The automaker that continues to dominate the U.S. van market says no.
“It’s important to note that Transit Connect sales were not adversely affected by the introduction of Transit,” explains Yaro Hetman, Ford brand manager for Transit, Transit Connect and E-Series.
“In fact, 2015 was Transit Connect’s best sales year in history, with total sales up 24 percent over 2014.”
From a maneuverable short wheelbase Transit Connect all the way up to a high-roof, extended wheelbase Transit, Ford is continuing to expand its van options and is expanding its customer base as a result.
Ford has proven that the market is big enough for both of its vans and demand keeps rising.

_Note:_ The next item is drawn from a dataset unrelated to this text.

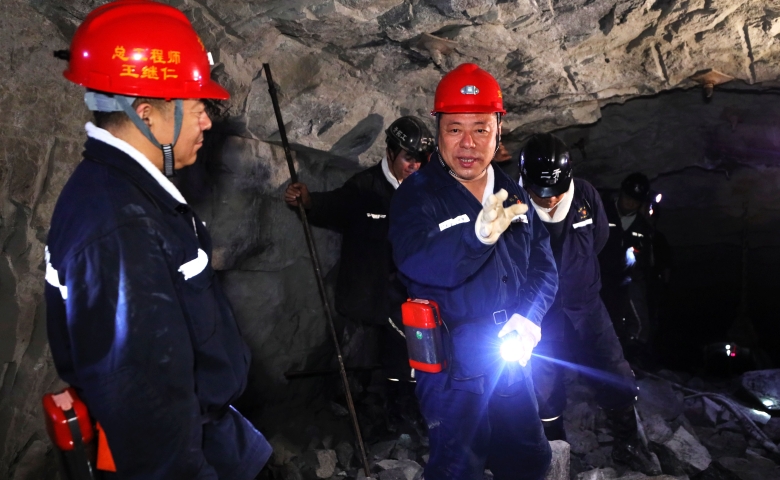 張秉德到益新礦調研檢查工作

“Ford invented the compact commercial van market with the introduction of Transit Connect in 2009, and we continue to sell more compact vans than anyone else,” Hetman says.
It seems, however, that bigger may be better. Transit Connect’s larger sibling, Transit, continues to outsell Transit Connect.
In May, sales for Transit Connect numbered 4,390 compared to Transit sales at 13,640.
“Although Transit Connect sales represented more than half of the small vans sold that month (8,219) we still sold more than three times as many full-size Transit vans,” Hetman says.
Ford told Hard Working Trucks that they don’t track customers who may be switching from traditional cargo vans, like the E-Series, to their Euro-style vans.
“Van choice really is dictated by application—what do you need this piece of mobile equipment to do for you? Someone who wants more of a “traditional” van may consider a Transit Connect, but would probably also consider a regular wheelbase, low-roof Transit van,” Hetman explains.